What is your area's policy regarding your presence during disasters, either natural or manmade? Do you think it should be a requirement that you stay and render care, or do you feel that you can do your job better by returning after the danger is over? I am curious to hear your opinions.


----------



## artman17847 (Feb 5, 2009)

confused??? I thought that's what we do, HELP people in time's of trouble. While they were leaving our state was sending EMS strike teams to help out.


----------



## JPINFV (Feb 5, 2009)

A damaged or destroyed ambulance does nothing to help it's citizens.


----------



## stephenrb81 (Feb 5, 2009)

JPINFV said:


> A damaged or destroyed ambulance does nothing to help it's citizens.



Agree'd

Remember "BSI....Is My Scene Safe".........stage outside the impact zone but close enough so you can immediately provide service

Now if someone is contracted to provide services to an area, it *should* make 'every attempt' to remain there but JPINFV spoke my thoughts.....An ambulance floating down a river serves no use to anyone


----------



## vquintessence (Feb 6, 2009)

Yeah agree with JP and Stephen, leave until said dangers are over, then help, when you actually can in a safe manner.

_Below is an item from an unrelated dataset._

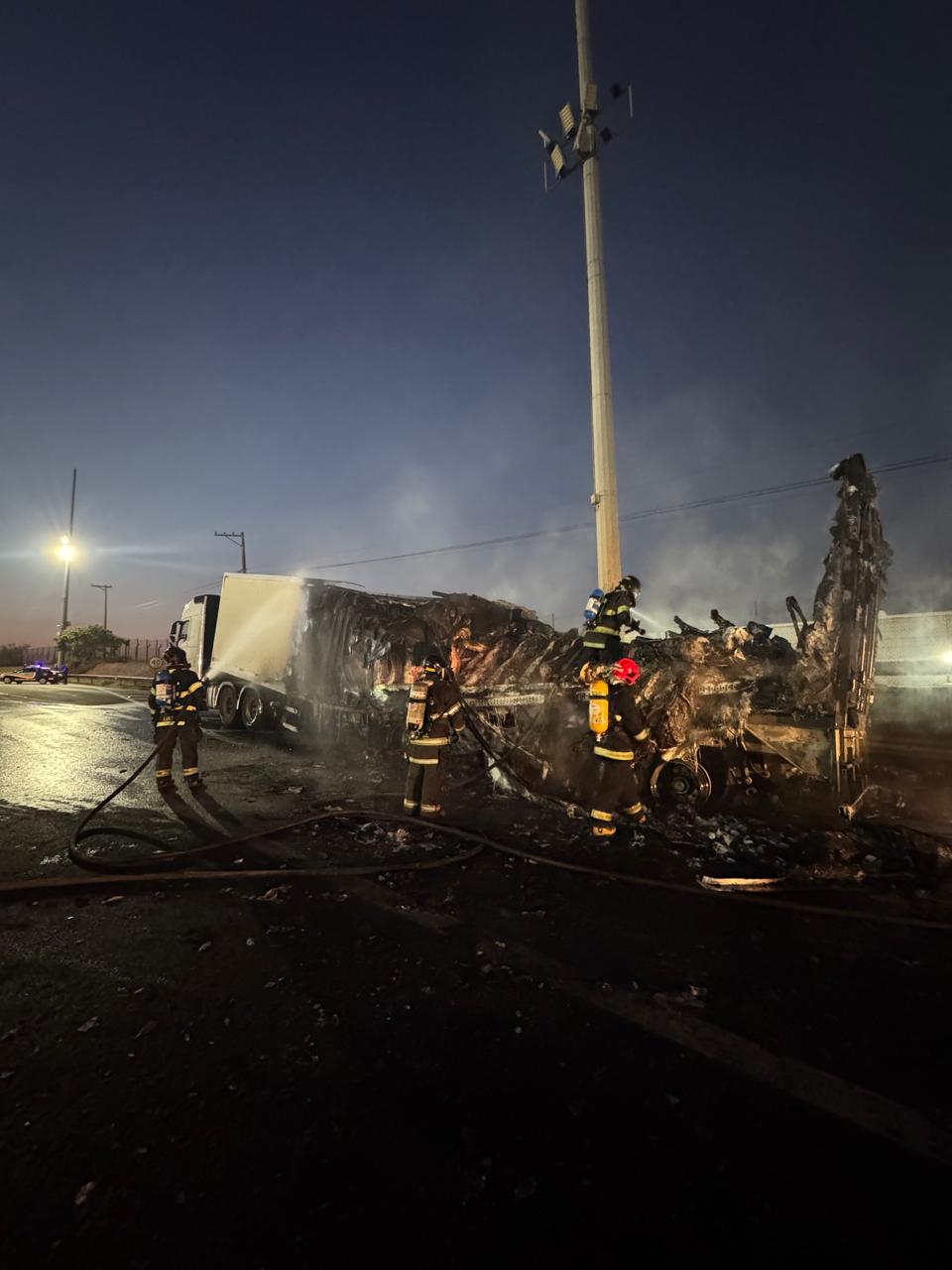 Caminhão que transportava carne pega fogo na Rodovia Anhanguera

Remember the photographs following Katrina with all the New Orleans school buses water logged?  Those buses would have been a tremendous help for the evacuations after the hurricane, especially the stadium.

Instead, Mayor Nagen (sp?) failed to act about as much as the governor.  Not only were the buses unable to help the devastated area, but imagine the cost to fix them?  A water logged engine requires a tremendous overhaul.

But, Nagen was re-elected, and the locals were confident blaming it all on the governor and FEMA, when they all had plenty of warning of the epic hurricane bearing down upon them.


----------



## NolaRabbit (Feb 6, 2009)

Are circumstances different for EMS than Fire or PD? Is it permissable for EMS to leave while FD and PD stay?


----------